How to Fly Commercially: A Complete Guide for Section 333 Exemptions



Since late May 2014, the Federal Aviation Administration has been accepting petitions for exemption to fly unmanned aircraft systems commercially in the National Airspace System, which is allowed under Section 333 of the FAA Modernization and Reform Act of 2012. The agency granted its first exemptions on Sept. 25, 2014. Since the onset, the FAA has received over 1,000 petitions as of the end of April 2015 and granted about 250.

As of April 24, the comment period on the FAA’s proposed rules for commercial operation of small UAS in the NAS ended. The FAA is in the process of drafting a final version of the rules.
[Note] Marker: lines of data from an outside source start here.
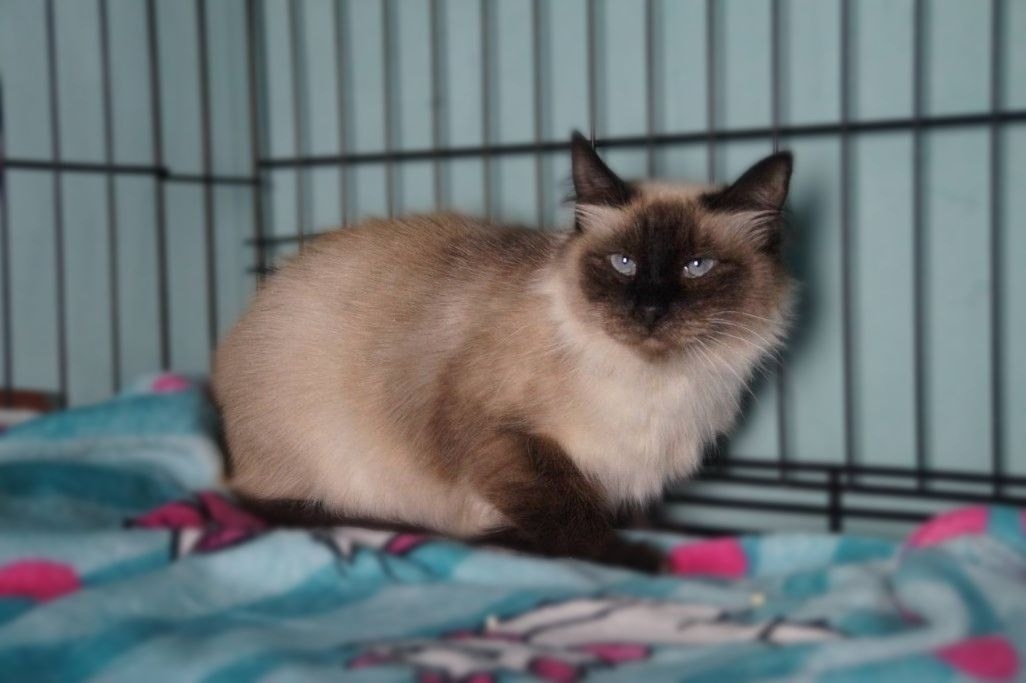 Наоми, носительница ВИК, ищет дом 8 967-139- 65-41, Мария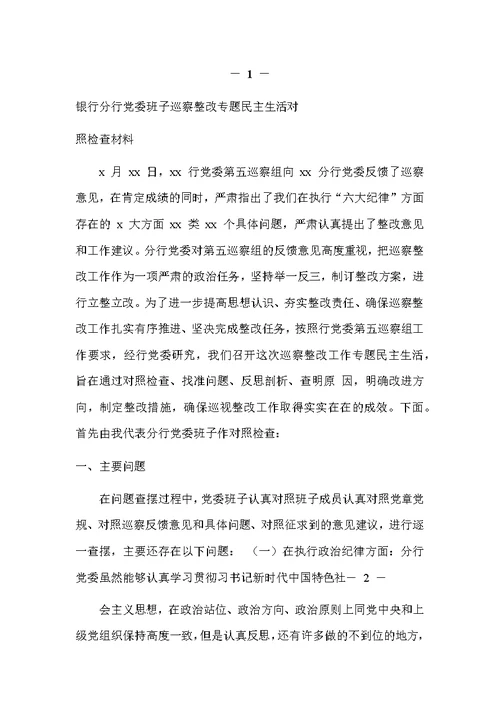 银行分行党委班子巡察整改专题民主生活对照检查材料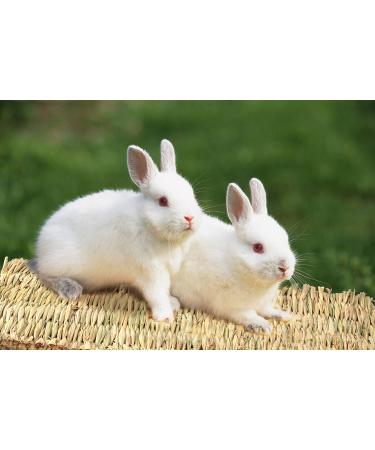 3 Pack Rabbit Bunny Mat - Natural Straw Woven Grass Chew Toy Bed for Small Animals - Buy Online on SooperMarket.com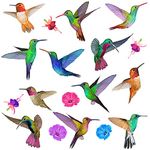 Articlings 12 Hummingbird Window Clings Non Adhesive Vinyl Stickers Beautiful Glass Safety Sticker The Decals can Deter Birds from Window Collision Strike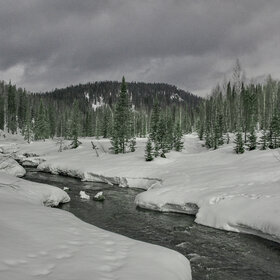 ������ ����. ���������� �� �����������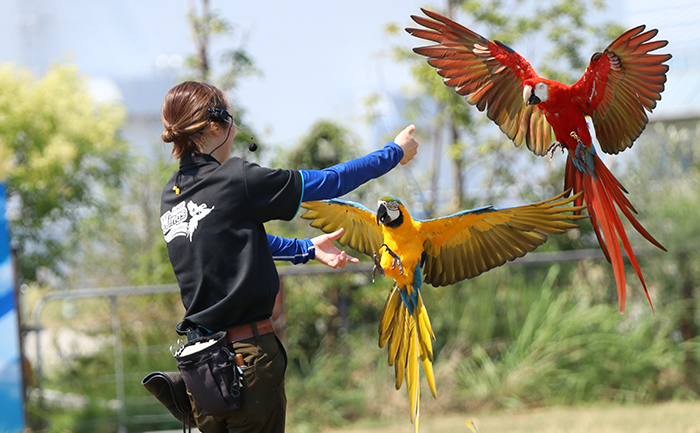 動物王国のロゴ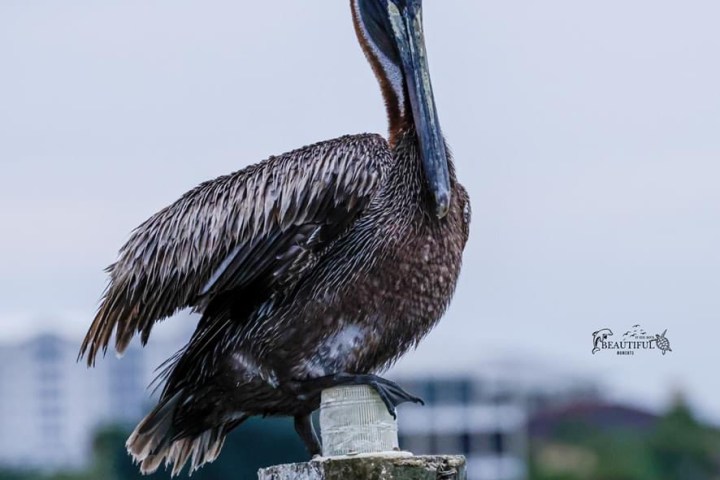 a bird sitting on top of a wooden pylon in Sabine marina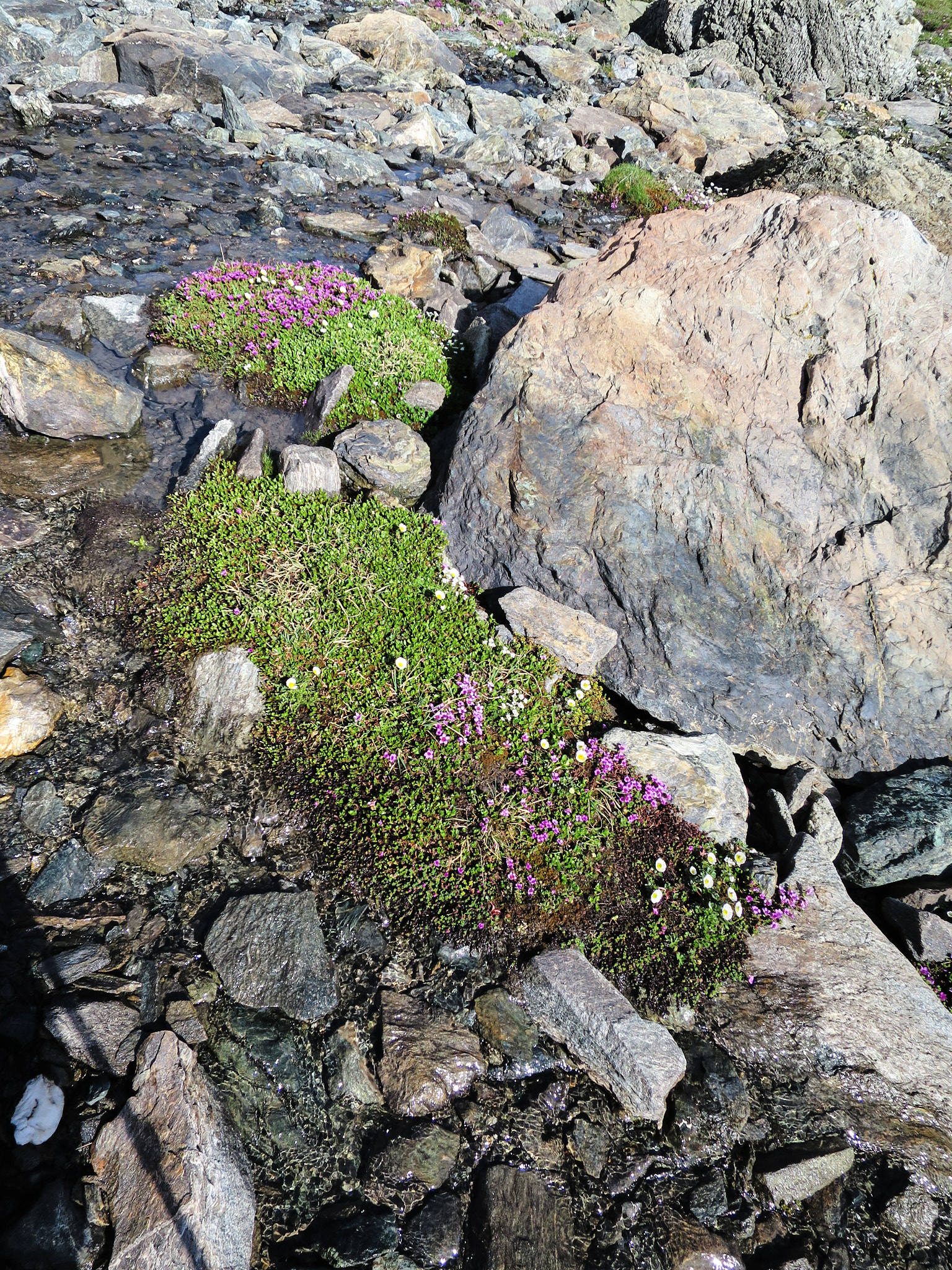 Purpurbräcka (<em>Saxifraga oppositifolia</em>)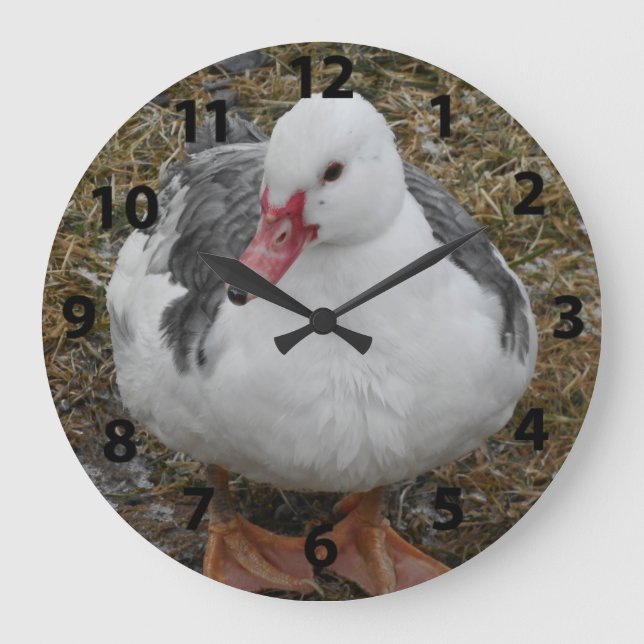 Grande Horloge Ronde Muscovy Duck Clock (Recto)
Until they are finalized, access to airspace for companies is only available through the Section 333 process, which can seem complicated and time consuming.

This primer will help guide any commercial entities looking to use small unmanned aircraft, or drones, as part of their business operations by simplifying the process with a step-by-step outline.

All of the regulations governing aircraft use fall under Title 14 CFR. This is the Code of Federal Regulations for Aeronautics and Space and can be found in its entirety here. This will be especially important for identifying sections from which exemption is needed.

Section §11.81 of 14 CFR is titled “What Information Must I Include in My Petition for an Exemption?” and contains a short, precise list of what must be included in a petition. This list can be found here on the homepage for "Guidelines for Submitting a Petition Exemption" set up by the FAA. You can also find other useful information there, including a frequently asked questions section. 

The list is as follows:

1. Your name, mailing address and, if you wish, other contact information, such as a fax number, telephone number or email address

2. The specific section or sections of 14 CFR from which you seek an exemption

3. The extent of relief you seek and the reason you seek the relief

4. The reasons why granting your request would be in the public interest — that is, how it would benefit the public as a whole

5. The reasons why granting the exemption would not adversely affect safety, or how the exemption would provide a level of safety at least equal to that provided by the rule from which you seek the exemption

6. A summary the FAA can publish in the Federal Register, stating:

a. The rule from which you seek the exemption

b. A brief description of the nature of the exemption you seek.

7. Any additional information, views or arguments available to support your request

8. If you want to exercise the privileges of your exemption outside the United States, the reason why you need to do so.

If you fail to include any of these points in your petition, the FAA will deny the request with a 30-day grace period to submit more information.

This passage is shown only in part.